The FT, hedgehogs and the scale of the crisis

By Michael Burke
In analysis of any issue it is crucial to distinguish between factors that are of primary or decisive importance and those that are secondary or lesser matters.  This applies to economic analysis as much as other disciplines.  There is a vast amount of economic data which is produced by innumerable public and private agencies internationally, and an almost endless number of ways of configuring the data supplied.The most important issue facing the British economy is how to end the slump.  No other issue, employment, incomes, government finances or anything other question can be resolved without it.Therefore it is extremely important to analyse the trends and prospects for growth in a sober fashion and to focus on the most decisive factors.  It is unhelpful or even misleading to focus primarily on secondary matters.The recent Bank of England Inflation Report contained an assessment of the trends in growth of the British economy.  Chris Giles, the economics editor of the Financial Times has provided a very useful chart showing changes in the Bank’s growth forecasts over time.  The chart is shown below.

Chart 1

13 05 29 Anatomy of a recession Chart 1

This is described as a ‘hedgehog’ chart because of the various lines indicating the changes to the Bank forecasts over time.  Chris Giles highlights the fact that this is the first time since 2007 that the Bank has produced an improved forecast, which raises projected GDP growth from 0.9% to 1.2% in 2013.  This is shown on the chart as the difference between the orange and green spikes on the chart.

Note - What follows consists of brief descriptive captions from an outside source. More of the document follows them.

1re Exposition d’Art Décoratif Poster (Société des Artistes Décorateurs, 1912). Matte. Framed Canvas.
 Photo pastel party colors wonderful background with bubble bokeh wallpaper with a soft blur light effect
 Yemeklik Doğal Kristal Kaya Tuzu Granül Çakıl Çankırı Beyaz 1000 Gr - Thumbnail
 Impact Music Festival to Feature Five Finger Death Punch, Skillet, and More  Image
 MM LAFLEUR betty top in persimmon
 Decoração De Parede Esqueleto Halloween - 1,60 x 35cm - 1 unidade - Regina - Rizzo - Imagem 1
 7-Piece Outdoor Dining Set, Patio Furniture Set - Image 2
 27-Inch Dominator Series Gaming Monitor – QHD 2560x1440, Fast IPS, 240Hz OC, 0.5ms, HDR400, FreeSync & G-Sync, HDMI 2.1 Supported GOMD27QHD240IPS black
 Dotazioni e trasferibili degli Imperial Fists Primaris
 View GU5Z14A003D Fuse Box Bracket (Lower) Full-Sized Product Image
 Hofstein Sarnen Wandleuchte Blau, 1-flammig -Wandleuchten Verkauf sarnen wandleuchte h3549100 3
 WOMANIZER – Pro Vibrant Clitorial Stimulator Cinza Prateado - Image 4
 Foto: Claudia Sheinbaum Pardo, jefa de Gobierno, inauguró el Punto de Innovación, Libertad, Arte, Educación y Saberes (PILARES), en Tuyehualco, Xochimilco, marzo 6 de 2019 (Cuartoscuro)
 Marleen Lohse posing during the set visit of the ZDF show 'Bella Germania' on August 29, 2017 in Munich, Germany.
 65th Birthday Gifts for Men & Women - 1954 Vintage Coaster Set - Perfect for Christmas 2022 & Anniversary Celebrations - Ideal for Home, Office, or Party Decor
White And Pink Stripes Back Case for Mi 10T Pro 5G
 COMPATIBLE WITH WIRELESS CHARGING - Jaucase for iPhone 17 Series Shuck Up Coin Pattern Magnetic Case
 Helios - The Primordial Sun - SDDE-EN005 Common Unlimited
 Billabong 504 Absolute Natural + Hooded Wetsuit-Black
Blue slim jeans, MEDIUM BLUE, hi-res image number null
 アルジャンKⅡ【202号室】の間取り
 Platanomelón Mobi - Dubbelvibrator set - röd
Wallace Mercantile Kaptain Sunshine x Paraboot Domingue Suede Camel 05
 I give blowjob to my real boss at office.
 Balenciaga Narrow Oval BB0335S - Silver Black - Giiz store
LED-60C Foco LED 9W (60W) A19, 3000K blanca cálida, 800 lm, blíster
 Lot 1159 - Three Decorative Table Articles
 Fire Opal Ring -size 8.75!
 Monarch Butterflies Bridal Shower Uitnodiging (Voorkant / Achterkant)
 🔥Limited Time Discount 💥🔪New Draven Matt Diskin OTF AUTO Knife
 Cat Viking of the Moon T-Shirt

In reality, the Bank’s forecasting record is an extremely poor one.  The November 2007 forecast (the purple line in the chart) was made just a few months before recession began in the 2nd quarter of 2008.  This was the deepest recession since the 1930s.  Yet the Bank was not forecasting any contraction in output at all.  The various ‘hedgehog’ spikes arise because it has continually forecast a rapid return to growth that did not materialise.

The upward revision to the forecast this year is minimal, comprising just 0.3% of GDP.  For many people, and not just supporters of austerity like Chris Giles, there is a hope that this upward revision to forecasts is the beginning of a trend and that there will be a continuous upward revision of forecasts as the outlook improves.

Yet the focus on such a slight revision to the growth outlook seems misplaced, and not just because it could be altered in either direction.  Even before the slump the British economy was not growing at a fast pace by international standards.  A return to prosperity would imply a rejection of permanently lower growth and a return to the previous trend.  Instead the Bank’s forecasts imply a further widening of the gap between the future growth of the economy and its pre-recession trend.

This is the real scale of the economic crisis and the issue which is of primary importance.  Currently the gap between the level of output and the economy’s former trend is approximately 16% of GDP.

This gap will continue to widen so that any new government will be faced with a shortfall in output of approximately 20% of GDP.  In current prices, these are in the region of £250bn to £300bn.

This is a measure of the effects of both recession and austerity.  Therefore it is also a measure of the scale of the task facing any new government that wants to end them.